Uno statista inglese ebbe ad affermare, tempo fa, che “gli italiano fanno la guerra come se giocassero al calcio, e giocano al calcio come se stessero facendo la guerra”. Forse allora non si prevedeva che alcune partite sarebbero stato il pretesto per veri e propri episodi di guerriglia urbana, ma solamente sottolineare quanto in Italia scatenasse passioni, entusiasmi e – a volte – fanatismi. Nel suo “Non perché è mio figlio…”, Pako Tataranni offre uno spaccato originale ed interessante del mondo del calcio osservato da una angolatura poco nota e che raramente “fa notizia”:, ovvero quella dei procuratori, quelle figure a metà tra talent-scout e rappresentanti di commercio, padri-padroni e fratelli maggiori che possono aiutare a trasformare il talento di un giovane calciatore in professione con guadagni milionari.
La realtà, come spesso accade, è molto più prosaica e meno luccicante di quanto si legge sui giornali; per una star viziata ed irresponsabile che distrugge una Ferrari dopo una notte di baldoria, ci sono migliaia di ragazzi che per poter giocare a calcio spendono tempo, energia e denaro; a fronte dei pochi impianti sportivi avveniristici in cui si disputano partite internazionali, ci sono migliaia di campi in terra che somigliano più ad un percorso addestrativo dei marines americani che ad un luogo dove sviluppare doti atletiche e tattiche.

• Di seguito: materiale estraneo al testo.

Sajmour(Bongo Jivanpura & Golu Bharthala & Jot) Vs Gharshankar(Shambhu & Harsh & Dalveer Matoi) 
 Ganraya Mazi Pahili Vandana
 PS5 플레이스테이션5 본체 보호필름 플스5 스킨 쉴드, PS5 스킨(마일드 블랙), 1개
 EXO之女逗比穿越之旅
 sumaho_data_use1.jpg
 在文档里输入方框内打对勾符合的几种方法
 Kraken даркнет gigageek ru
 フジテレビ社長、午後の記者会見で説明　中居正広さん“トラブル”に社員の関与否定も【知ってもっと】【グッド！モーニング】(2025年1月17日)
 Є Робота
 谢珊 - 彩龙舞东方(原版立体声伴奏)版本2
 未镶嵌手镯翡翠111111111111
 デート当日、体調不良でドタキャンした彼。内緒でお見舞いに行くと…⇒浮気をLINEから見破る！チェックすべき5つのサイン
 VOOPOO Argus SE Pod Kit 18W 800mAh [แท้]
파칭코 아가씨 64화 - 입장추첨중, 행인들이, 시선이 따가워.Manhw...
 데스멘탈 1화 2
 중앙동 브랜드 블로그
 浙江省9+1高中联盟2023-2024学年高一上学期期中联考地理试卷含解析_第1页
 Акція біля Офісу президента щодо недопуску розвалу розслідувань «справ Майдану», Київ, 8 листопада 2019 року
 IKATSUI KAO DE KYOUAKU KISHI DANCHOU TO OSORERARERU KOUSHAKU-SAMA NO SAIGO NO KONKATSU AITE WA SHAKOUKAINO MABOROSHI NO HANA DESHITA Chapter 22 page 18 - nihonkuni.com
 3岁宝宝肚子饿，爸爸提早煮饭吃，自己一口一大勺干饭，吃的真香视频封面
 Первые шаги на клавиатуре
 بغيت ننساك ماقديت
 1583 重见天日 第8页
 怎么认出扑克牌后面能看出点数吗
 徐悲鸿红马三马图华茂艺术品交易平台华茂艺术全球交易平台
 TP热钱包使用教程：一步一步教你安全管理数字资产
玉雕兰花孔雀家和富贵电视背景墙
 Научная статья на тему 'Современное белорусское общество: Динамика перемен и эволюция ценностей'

Pako Tataranni, scrittore lucano, conosce molto meglio queste ultime realtà, e le descrive con un intrigante mix di ironia e consapevolezza, ribadendo con passione (sempre lei!) e senza retorica che è in quei campi con troppe buche e poca erba che è possibile trovare il calcio vero, quello fatto di sudore e abnegazione, di voglia di fare bene e di sentirsi parte di una squadra. Ma anche in quei campi, anzi – soprattutto in quei campi – non mancano i tanti esemplari di fauna umana descritti in “Non perché è mio figlio…”, a partire dai genitori convinti che il loro figliolo sia un campione che allenatori invidiosi e procuratori incapaci non riescono a valorizzare, passando per il padre ossessivo-compulsivo che perseguita il procuratore spronandolo alla ricerca di sempre migliori sistemazioni per il giovane campione e finendo a quei pochi genitori razionali che vivono il calcio con passione si, ma obbiettiva, evitando di trasmettere a bambini ed adolescenti messaggi sbagliati.
Insieme a loro, direttori generali, direttori sportivi, allenatori e preparatori tecnici, alcune brave persone ed altri meno, alcuni seri e preparati ed altri millantatori, alcuni seriamente interessati a cercare la migliore possibilità per i giovani calciatori affidati loro ed altri più impegnati a spremere maggior denaro possibile da genitori pronti a pagare per vedere realizzato il loro sogno. “Non perché è mio figlio…” è tutto questo e non solo, è anche e soprattutto un diario a cuore aperto, praticamente in diretta, in cui Pako Tataranni si mette in gioco (è il caso di dirlo…) in prima persona, raccontando gli entusiasmi e le delusioni, le magagne delle istituzione che fanno finta di non vedere il malaffare che dovrebbero combattere e la responsabilità di chi, su un campo di calcio di periferia, prima ancora di allenare campioni vuole contribuire ad educare uomini.
In “Non perché è mio figlio…” Pako Tataranni offre uno spaccato originale e sincero di uno sport che rimane – almeno per lui – ancora il più bello del mondo spiegando però i motivi della crisi del calcio italiano, il tutto con una “levitas” mista a consapevolezza che forse solo un trentenne meridionale può avere, quasi costretto sin da subito a fronteggiare i limiti insiti nel vivere e lavorare a sud di Roma (amaramente esilarante l’aneddoto sui campi in sintetico dell’ultima generazione in Lombardia) ma altrettanto consapevole dei vantaggi che uno stile di vita più “slow” permette.
Per assurdo, “Non perché è mio figlio…” potrebbe piacere più a chi di calcio non è appassionato, perché lo racconta senza infingimenti e clamori, ma questa opera prima di Pako Tataranni piacerà allo stesso modo a chi ama il calcio vero, perché troverà nuovo alimento alle proprie passioni.
Non sappiamo se piacerà, ma certamente potrebbe essere un utilissimo invito ad una sincera autoanalisi, ai tanti genitori che riversano suoi propri figli i loro sogni irrealizzati, a quei padri troppo ansiosi di trasformare un gioco di ragazzi in un mestiere redditizio, a quei troppi che piuttosto che cementare l’unione del gruppo esasperano le qualità del singolo, rischiando a volte di “bruciare” dei talenti che meriterebbero attenzioni maggiori.